Because of the COVID-19 pandemic, they had to pause the experiment for a month and let the molten sodium and the catholyte cool down to room temperature and freeze, she said. Gross was pleased that after warming the battery up, it still worked.
This means that if a large-scale energy disruption were to occur, like what occurred in Texas in February, the sodium-iodide batteries could be used, and then allowed to cool until frozen. Once the disruption was over, they could be warmed up, recharged and returned to normal operation without a lengthy or costly start-up process, and without degradation of the battery’s internal chemistry, Spoerke added.
Sodium-iodide batteries are also safer. Spoerke said, “A lithium ion battery catches on fire when there is a failure inside the battery, leading to runaway overheating of the battery. We’ve proven that cannot happen with our battery chemistry. Our battery, if you were to take the ceramic separator out, and allow the sodium metal to mix with the salts, nothing happens.

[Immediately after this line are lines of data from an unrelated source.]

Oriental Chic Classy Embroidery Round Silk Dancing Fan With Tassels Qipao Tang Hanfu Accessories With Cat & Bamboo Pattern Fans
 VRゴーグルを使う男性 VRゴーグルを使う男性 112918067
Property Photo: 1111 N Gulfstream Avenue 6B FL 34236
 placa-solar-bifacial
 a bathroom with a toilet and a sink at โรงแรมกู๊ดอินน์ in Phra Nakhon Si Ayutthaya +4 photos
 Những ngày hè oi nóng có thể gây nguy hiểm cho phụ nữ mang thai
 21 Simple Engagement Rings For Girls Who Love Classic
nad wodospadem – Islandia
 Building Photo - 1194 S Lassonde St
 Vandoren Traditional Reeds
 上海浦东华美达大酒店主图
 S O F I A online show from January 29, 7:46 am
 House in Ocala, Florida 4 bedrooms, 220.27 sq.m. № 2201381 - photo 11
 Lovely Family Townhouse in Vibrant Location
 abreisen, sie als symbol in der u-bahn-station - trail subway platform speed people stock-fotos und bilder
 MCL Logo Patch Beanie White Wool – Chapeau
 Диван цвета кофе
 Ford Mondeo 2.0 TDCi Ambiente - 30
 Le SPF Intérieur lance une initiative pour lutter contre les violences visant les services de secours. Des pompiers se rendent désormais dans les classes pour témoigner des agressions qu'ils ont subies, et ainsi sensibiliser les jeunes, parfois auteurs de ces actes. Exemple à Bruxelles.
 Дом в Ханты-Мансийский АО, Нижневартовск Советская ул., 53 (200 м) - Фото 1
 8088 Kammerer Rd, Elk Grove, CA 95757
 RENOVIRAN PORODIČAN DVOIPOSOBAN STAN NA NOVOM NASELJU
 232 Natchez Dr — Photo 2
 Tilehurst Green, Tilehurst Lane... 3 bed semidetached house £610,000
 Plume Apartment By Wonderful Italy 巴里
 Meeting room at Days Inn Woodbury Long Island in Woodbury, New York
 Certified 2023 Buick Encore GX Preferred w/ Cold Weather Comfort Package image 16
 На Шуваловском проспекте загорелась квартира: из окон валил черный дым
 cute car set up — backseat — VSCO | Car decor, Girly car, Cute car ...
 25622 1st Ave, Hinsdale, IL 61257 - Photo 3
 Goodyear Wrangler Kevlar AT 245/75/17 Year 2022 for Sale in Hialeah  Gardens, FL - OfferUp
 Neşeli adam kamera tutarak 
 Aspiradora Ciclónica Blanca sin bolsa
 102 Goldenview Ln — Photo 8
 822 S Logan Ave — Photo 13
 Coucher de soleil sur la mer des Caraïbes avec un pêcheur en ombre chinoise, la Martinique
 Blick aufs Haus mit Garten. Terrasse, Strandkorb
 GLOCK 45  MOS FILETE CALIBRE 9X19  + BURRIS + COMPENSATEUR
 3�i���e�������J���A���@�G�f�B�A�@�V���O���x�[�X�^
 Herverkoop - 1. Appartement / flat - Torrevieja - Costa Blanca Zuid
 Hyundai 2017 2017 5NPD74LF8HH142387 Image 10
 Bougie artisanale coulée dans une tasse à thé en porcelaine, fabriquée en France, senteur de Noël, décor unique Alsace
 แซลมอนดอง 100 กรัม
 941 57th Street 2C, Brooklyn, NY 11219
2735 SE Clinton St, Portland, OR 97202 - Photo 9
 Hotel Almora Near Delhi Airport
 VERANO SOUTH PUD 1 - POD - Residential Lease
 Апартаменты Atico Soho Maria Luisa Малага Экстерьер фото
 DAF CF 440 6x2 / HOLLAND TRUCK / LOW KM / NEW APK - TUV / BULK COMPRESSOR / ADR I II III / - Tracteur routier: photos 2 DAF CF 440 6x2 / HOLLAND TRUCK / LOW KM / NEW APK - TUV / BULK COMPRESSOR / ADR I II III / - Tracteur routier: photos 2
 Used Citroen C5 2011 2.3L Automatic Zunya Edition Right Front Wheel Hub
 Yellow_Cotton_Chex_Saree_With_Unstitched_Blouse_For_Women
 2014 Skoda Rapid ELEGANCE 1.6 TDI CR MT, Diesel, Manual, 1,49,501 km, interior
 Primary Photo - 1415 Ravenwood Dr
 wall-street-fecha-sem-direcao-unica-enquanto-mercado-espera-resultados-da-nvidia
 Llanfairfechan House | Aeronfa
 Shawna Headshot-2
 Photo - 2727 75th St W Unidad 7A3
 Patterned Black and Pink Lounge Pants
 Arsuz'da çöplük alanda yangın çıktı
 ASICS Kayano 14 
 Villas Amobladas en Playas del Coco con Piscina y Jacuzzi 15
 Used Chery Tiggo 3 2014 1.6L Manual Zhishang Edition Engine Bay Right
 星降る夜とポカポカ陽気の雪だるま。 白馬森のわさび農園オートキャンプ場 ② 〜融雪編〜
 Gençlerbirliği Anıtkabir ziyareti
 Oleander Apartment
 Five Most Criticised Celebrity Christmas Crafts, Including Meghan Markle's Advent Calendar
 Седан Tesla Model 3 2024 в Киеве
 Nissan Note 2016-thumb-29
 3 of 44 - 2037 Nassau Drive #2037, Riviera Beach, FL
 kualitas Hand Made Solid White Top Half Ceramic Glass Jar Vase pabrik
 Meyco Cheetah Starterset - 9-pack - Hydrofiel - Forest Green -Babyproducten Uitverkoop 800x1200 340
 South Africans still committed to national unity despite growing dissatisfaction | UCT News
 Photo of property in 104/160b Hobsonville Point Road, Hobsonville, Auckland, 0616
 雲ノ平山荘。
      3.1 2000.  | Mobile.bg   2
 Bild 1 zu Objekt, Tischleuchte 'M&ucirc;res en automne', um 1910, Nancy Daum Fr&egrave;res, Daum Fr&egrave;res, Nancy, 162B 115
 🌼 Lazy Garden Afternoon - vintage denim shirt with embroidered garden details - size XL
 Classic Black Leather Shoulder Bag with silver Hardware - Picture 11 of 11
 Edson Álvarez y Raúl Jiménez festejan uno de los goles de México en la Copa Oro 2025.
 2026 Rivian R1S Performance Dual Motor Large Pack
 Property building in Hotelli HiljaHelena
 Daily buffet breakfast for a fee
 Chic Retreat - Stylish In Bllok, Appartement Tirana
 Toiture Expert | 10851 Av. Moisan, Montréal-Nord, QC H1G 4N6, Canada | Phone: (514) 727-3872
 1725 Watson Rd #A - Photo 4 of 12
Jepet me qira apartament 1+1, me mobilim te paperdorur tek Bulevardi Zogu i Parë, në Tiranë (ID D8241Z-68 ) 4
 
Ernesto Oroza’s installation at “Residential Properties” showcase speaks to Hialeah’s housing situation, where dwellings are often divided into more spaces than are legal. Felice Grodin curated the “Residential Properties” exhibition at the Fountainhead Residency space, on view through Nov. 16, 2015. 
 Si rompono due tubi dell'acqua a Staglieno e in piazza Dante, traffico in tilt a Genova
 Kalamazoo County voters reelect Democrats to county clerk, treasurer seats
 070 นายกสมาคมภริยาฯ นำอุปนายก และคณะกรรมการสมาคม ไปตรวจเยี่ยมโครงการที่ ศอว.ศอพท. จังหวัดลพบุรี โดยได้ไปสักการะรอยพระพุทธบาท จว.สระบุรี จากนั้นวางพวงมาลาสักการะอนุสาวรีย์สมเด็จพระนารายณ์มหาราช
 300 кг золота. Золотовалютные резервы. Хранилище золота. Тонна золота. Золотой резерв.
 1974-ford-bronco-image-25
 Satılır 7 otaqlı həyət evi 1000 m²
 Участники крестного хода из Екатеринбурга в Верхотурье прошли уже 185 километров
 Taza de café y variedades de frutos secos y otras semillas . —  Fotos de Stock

Certainly, the battery stops working, but there’s no violent chemical reaction or fire.”
If an outside fire engulfs a sodium-iodide battery, it is likely the battery will crack and fail, but it shouldn’t add fuel to the fire or cause a sodium fire, Small added.
Additionally, at 3.6 volts, the new sodium-iodide battery has a 40% higher operating voltage than a commercial molten sodium battery. This voltage leads to higher energy density, and that means that potential future batteries made with this chemistry would need fewer cells, fewer connections between cells and an overall lower unit cost to store the same amount of electricity, Small said.
“We were really excited about how much energy we could potentially cram into the system because of the new catholyte we’re reporting in this paper,” Gross added. “Molten sodium batteries have existed for decades, and they’re all over the globe, but no one ever talks about them. So, being able to lower the temperature and come back with some numbers and say, ‘this is a really, really viable system’ is pretty neat.”
The future of sodium-iodide batteries
The next step for the sodium-iodide battery project is to continue to tune and refine the catholyte chemistry to replace the gallium chloride component, Small said. Gallium chloride is very expensive, more than 100 times as expensive as table salt.
The team is also working on various engineering tweaks to get the battery to charge and discharge faster and more fully, Spoerke added. One previously identified modification to speed up the battery charging was to coat the molten sodium side of the ceramic separator with a thin layer of tin.
Spoerke added that it would likely take five to 10 years to get sodium-iodide batteries to market, with most of the remaining challenges being commercialization challenges, rather than technical challenges.
“This is the first demonstration of long-term, stable cycling of a low-temperature molten-sodium battery,” Spoerke said. “The magic of what we’ve put together is that we’ve identified salt chemistry and electrochemistry that allow us to operate effectively at 230 degrees Fahrenheit. This low-temperature sodium-iodide configuration is sort of a reinvention of what it means to have a molten sodium battery.”
The development of the new sodium battery was supported by the Department of Energy’s Office of Electricity Energy Storage Program.